If you haven’t seen it, here’s an example where the team try to prove whether this is real deal by Claude Monet ...

Do you like my Monet? Is it real? It's all about the Monet, Monet, Monet. With so many imitators and copy artists around, it is hard to show whether the artist is the real one or not. Is it a fake? Then it’s worth very little. Is it real? If yes, it’s worth a fortune.

This is the conundrum that blockchain is trying to solve, as evidenced by one of the earliest pioneers in this space: Everledger.

Here’s their pitch:

The lifetime story of a diamond, coloured gemstone or fine bottle of wine is valuable information. It’s a story you must increasingly be able to tell with clarity and confidence to meet your customer’s call for responsible and verifiable sourcing.

We’re an independent technology company that helps businesses surface and converge asset information using a symphony of secure technologies, including blockchain, AI, IoT and much more.  Our purpose is to contribute greater clarity and confidence in marketplaces where transparency is a strategic imperative.

By digitally streamlining your compliance processes, we can help you share the history of an asset more efficiently and accurately.

They are not alone. As Red Chalk state:

The problem lies in the inability to truly track real from fake and proper provenance or ownership history. Due to historical and legacy reasons, many industries still use paper to prove whether something is real or whether a particular person actually owns an asset. Paper can be altered. Paper can be lost. When purchasing a diamond ring at a jeweller, it is easy for the corresponding certificate to say one thing, but for the ring to be something entirely different. This is a problem that has been hard to solve until the blockchain came along.

This is where insurance could be revolutionised. Imagine if every asset sold anywhere in the world had a smart chip, holding all of its provenance. You would not need receipts and records. You would purely need to make sure the asset held its identifiers that could be read by a suitable reader.
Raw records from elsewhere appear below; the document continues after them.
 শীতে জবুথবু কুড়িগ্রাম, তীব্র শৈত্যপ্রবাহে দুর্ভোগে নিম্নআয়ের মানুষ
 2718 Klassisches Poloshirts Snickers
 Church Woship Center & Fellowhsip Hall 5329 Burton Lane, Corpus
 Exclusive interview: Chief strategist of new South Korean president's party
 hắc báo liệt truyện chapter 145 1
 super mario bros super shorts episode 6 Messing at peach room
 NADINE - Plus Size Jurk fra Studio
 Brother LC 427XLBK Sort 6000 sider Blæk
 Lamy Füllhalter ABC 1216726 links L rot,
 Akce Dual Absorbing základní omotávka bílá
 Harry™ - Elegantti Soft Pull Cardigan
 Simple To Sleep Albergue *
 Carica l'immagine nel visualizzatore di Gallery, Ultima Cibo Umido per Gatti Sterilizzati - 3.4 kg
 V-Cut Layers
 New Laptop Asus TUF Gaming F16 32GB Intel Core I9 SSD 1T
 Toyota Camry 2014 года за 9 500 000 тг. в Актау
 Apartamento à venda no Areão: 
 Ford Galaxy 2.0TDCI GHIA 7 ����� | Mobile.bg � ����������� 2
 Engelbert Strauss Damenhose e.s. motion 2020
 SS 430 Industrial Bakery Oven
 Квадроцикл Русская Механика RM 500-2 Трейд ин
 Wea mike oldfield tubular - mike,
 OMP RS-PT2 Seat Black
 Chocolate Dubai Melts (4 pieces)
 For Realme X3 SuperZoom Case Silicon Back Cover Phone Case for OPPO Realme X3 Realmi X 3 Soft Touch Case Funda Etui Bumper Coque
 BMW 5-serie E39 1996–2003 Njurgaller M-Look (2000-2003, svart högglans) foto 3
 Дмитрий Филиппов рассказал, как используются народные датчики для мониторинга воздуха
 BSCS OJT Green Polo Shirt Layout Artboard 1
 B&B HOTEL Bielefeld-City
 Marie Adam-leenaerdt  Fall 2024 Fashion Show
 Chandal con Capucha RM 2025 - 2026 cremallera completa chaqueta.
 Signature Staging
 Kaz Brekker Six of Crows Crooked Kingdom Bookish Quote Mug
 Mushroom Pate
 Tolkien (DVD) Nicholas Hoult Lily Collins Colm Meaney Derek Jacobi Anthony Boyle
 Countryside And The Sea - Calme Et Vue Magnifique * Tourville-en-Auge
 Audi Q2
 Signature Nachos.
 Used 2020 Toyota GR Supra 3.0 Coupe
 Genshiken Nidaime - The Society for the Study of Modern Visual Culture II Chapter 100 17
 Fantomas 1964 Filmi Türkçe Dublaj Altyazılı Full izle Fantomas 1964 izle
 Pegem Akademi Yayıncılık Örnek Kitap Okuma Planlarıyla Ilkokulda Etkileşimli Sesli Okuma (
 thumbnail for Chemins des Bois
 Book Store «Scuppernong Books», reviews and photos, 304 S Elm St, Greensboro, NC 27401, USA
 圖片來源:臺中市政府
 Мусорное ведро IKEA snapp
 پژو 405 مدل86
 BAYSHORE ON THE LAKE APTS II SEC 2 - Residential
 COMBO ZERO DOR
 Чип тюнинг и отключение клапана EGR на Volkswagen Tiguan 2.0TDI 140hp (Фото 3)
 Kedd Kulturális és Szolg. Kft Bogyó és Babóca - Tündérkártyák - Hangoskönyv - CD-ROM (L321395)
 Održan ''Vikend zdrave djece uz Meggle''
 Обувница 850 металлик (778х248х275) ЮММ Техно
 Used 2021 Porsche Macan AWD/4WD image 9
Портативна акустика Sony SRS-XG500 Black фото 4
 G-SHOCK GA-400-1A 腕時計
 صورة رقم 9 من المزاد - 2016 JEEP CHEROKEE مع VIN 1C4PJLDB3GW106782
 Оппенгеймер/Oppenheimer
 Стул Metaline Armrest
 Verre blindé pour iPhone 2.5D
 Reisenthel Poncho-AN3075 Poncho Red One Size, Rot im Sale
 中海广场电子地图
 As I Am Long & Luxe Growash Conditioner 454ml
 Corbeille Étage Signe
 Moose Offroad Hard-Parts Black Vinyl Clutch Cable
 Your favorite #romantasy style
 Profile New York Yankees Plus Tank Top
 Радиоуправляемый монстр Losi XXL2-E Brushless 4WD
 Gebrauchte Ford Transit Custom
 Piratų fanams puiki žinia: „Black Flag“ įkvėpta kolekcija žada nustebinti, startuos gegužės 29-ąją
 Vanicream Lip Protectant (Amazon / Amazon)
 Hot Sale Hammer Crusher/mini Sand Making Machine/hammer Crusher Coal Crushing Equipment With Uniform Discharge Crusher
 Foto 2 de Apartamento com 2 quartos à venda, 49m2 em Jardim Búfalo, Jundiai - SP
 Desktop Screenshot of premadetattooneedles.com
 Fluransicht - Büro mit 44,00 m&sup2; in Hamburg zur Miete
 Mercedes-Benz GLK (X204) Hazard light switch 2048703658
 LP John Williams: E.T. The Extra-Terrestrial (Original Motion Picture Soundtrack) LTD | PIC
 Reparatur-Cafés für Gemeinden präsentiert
This is where we’re moving. It’s why people like non-fungible tokens (NFTs). They like them as a digital asset with a digital token that is recorded on a ledger that cannot be changed, is a great innovation. It’s called tokenization ...

Tokenization or creating a block on the blockchain for a specific digital asset allows the item to have data containing provenance like the source of origin and who has owned the item previously. Purchasers of NFTs use the blockchain to verify the work is from the actual artist as it is often impossible to tell the difference in physical pieces of work.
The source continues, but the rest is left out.